------ Records for the exercise

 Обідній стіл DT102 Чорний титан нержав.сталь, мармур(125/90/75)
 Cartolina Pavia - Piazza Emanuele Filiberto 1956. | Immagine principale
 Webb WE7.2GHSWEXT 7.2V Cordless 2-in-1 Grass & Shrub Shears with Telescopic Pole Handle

------------
------ Records for the exercise

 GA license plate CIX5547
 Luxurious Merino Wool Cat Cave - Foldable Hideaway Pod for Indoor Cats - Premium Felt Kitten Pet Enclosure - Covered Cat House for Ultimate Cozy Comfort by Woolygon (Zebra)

------------
------ Records for the exercise

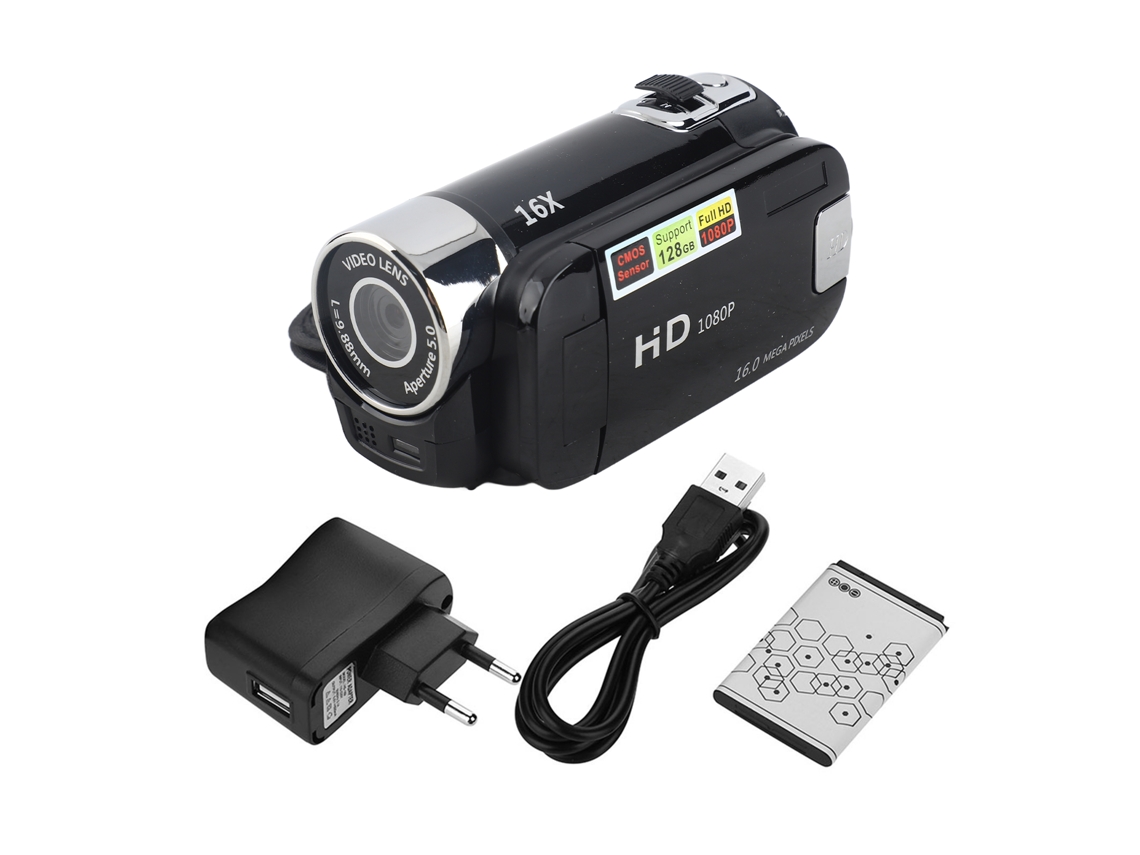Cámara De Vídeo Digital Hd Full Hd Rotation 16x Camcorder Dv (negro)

------------

• _Problem_: Look back at the entries above and repeat, unchanged, every line from the line holding "Обідній стіл DT102" through the line holding "Webb WE7.2GHSWEXT 7.2V".

• _Completed task_:
 Обідній стіл DT102 Чорний титан нержав.сталь, мармур(125/90/75)
 Cartolina Pavia - Piazza Emanuele Filiberto 1956. | Immagine principale
 Webb WE7.2GHSWEXT 7.2V Cordless 2-in-1 Grass & Shrub Shears with Telescopic Pole Handle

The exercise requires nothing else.